13世紀初め、チンギス・ハンはアジアからヨーロッパにまたがるモンゴル 帝国をうち建て、その孫の皇帝フビライは国名を「元」と改め、日本に使者 をおくってきましたが、鎌倉幕府はこれに応じなかった。 1274年(文永11)蒙古の襲来を受けた鎌倉幕府は、1276年(建治2) に博多湾の海岸線に石築地(いしついじ)を築いて再度の来襲に備えた。 防塁は、博多湾の今津から香椎まで20kmにわたって築かれているが、 今津は大隅国と日向国、今宿は豊前国、生の松原は肥後国、姪浜は 肥前国、博多は筑前国と筑後国、箱崎は薩摩国そして香椎は豊後国と 九州9か国の分担を割りあて、所領面積一反(10アール)につき1尺 (30センチ)、(50万石であれば約3km)一斉に工事にかかるように命 じている。約30kmに渡り建造 3月から8月までのわずか6か月で完成させる計画となっていた。
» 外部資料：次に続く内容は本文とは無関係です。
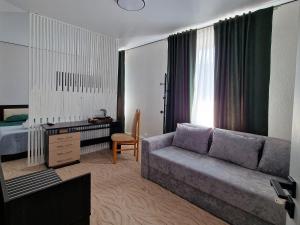 a living room with a couch and a bed at La Banel Hotel in Selemet +30 photos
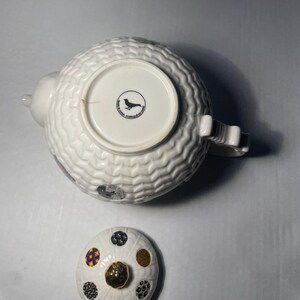 May include: White ceramic teapot with a textured, patterned body and a matching lid. The lid features a gold knob and decorative polka dots in various colors. The bottom of the teapot has a circular emblem with a bird silhouette.
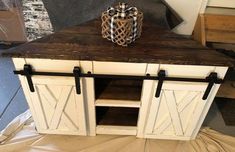 a white cabinet with black hardware and a bow on top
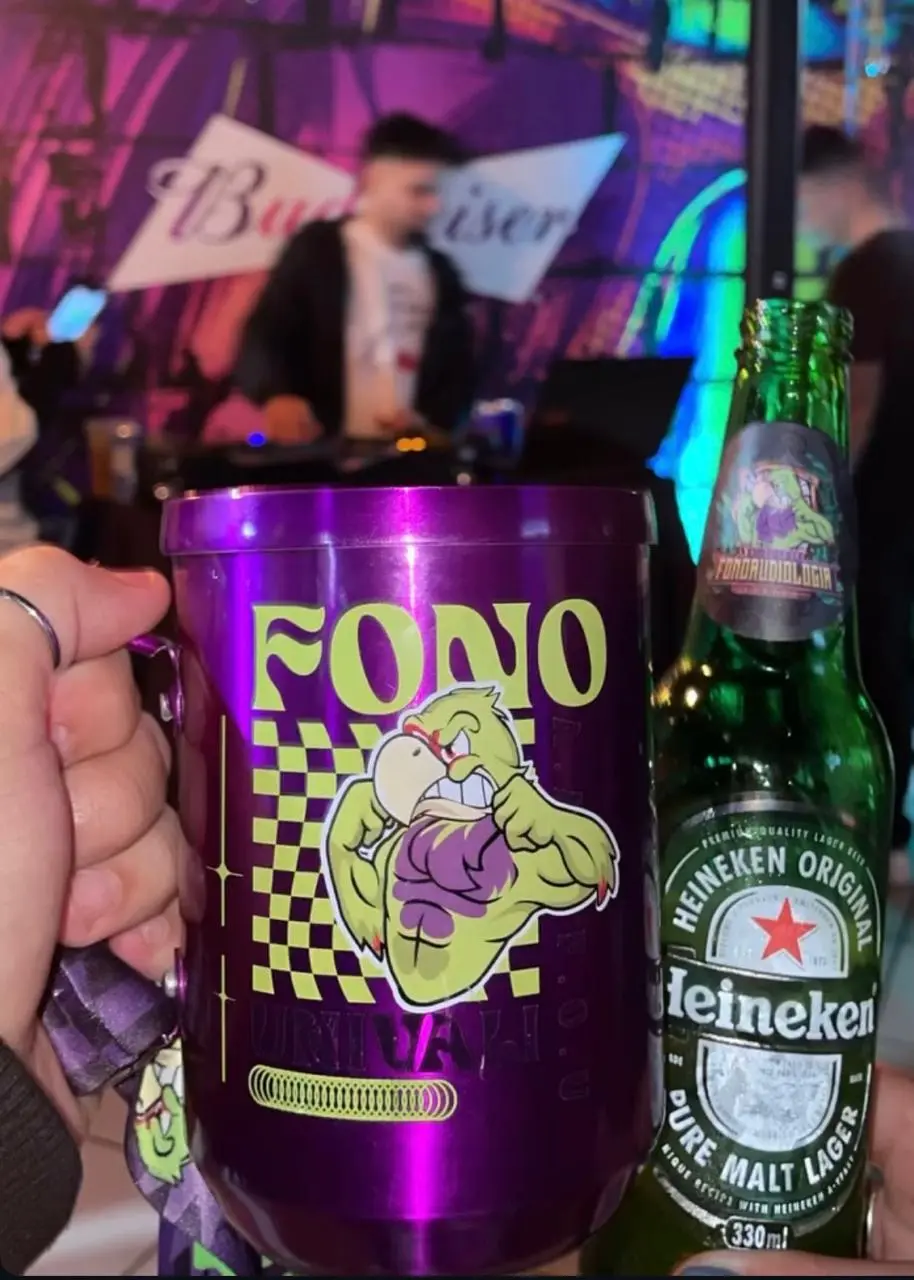 Copo personalizado da atlética levantado em festa universitária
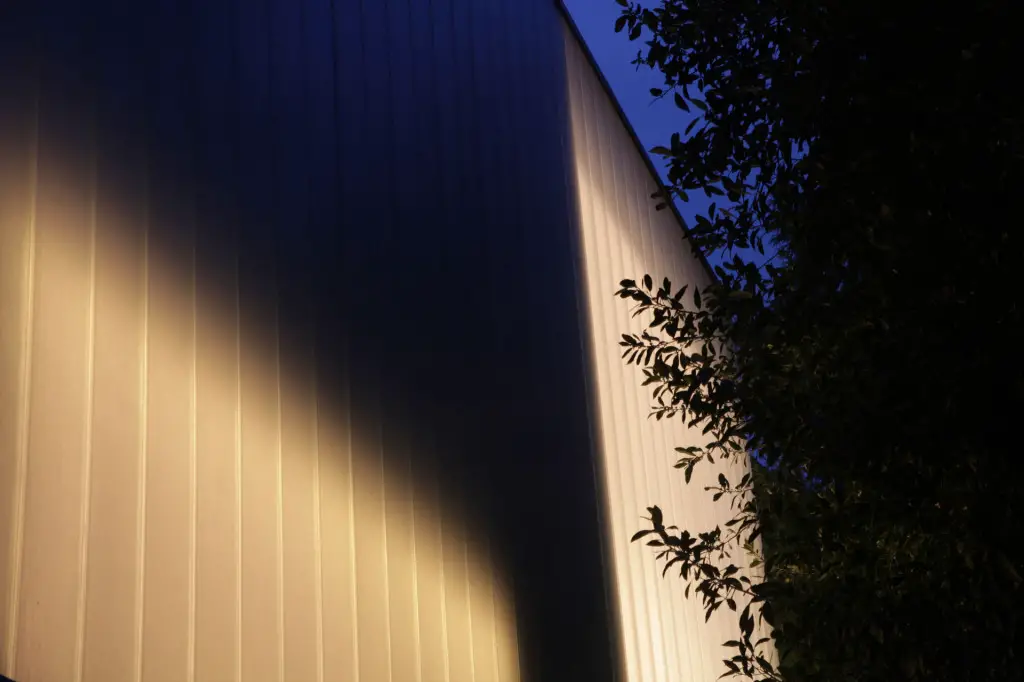 Malabar colour exterior - at night glass panels - D Brookes and A Goodwin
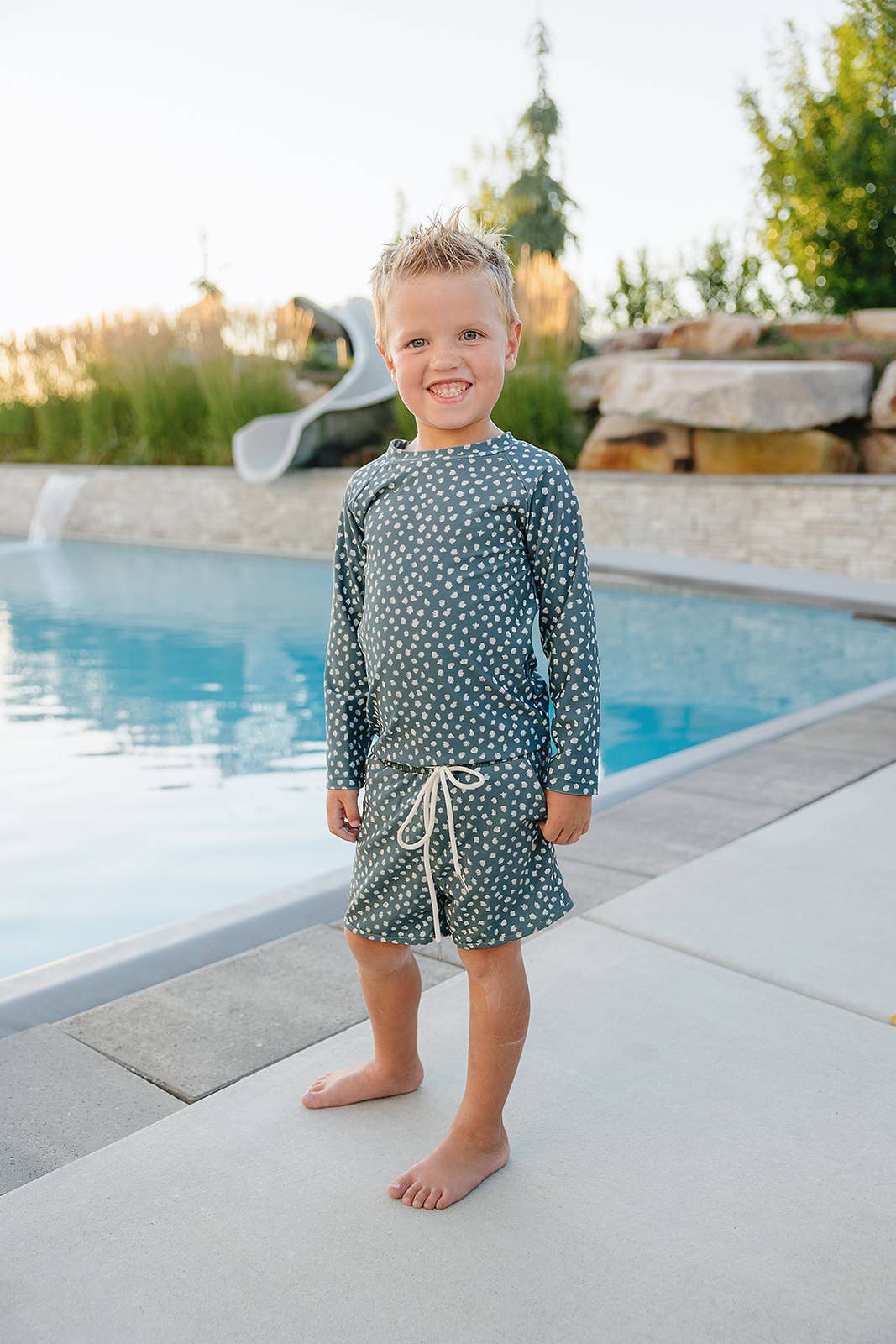 Child wearing a polka dot swimsuit by a pool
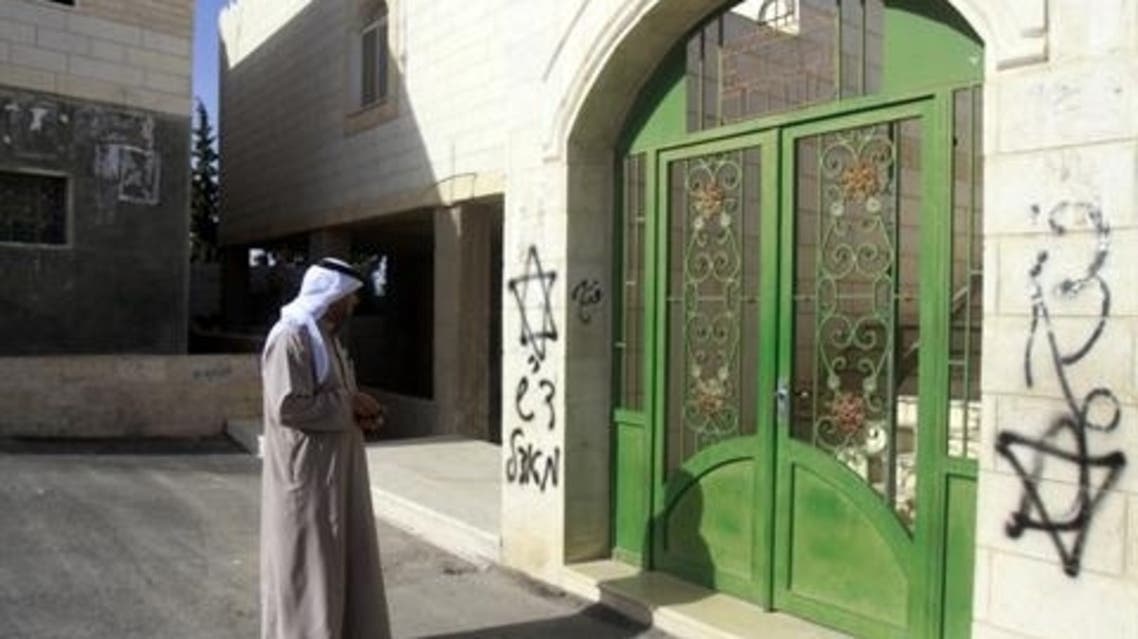 A Palestinian looks at Hebrew grafittis sprayed on the walls of a mosque on April 7, 2013 in the West Bank village of Tuqua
これまでの発掘調査で、それぞれの地区によって築き方が異なつて いることがわかってきた。今津地区では、高さ3m、上の幅2m、下の幅 3mの台形に築いているが、玄武岩のところはすべて石だけであるのに 対して、花崗岩の部分は前と後を積み上げてその中に砂を入れている。 玄武岩と花崗岩が交互に連続して続いているのは、所領(領地の広さ) に応じて築いた工事区間の長さを反映している。
生の松原は石積みの幅が1.5mと狭いが、後を粘土で補強している。 西側は花崗岩で、東側は砂岩で築いているが、その接点が肥後国と肥前 国の分担の境界を示しているのではないかと考えられている。 また防塁の前にある別な石積みは、防塁が少し埋まってからのもので、 修理のために築いたことを示している。
1281年(弘安4)の2回目の蒙古襲来では蒙古軍は上陸していないので、 元寇防塁は大きな役割を果たしたと考えられる。 元寇防塁は、昭和6年国の史跡に指定さた。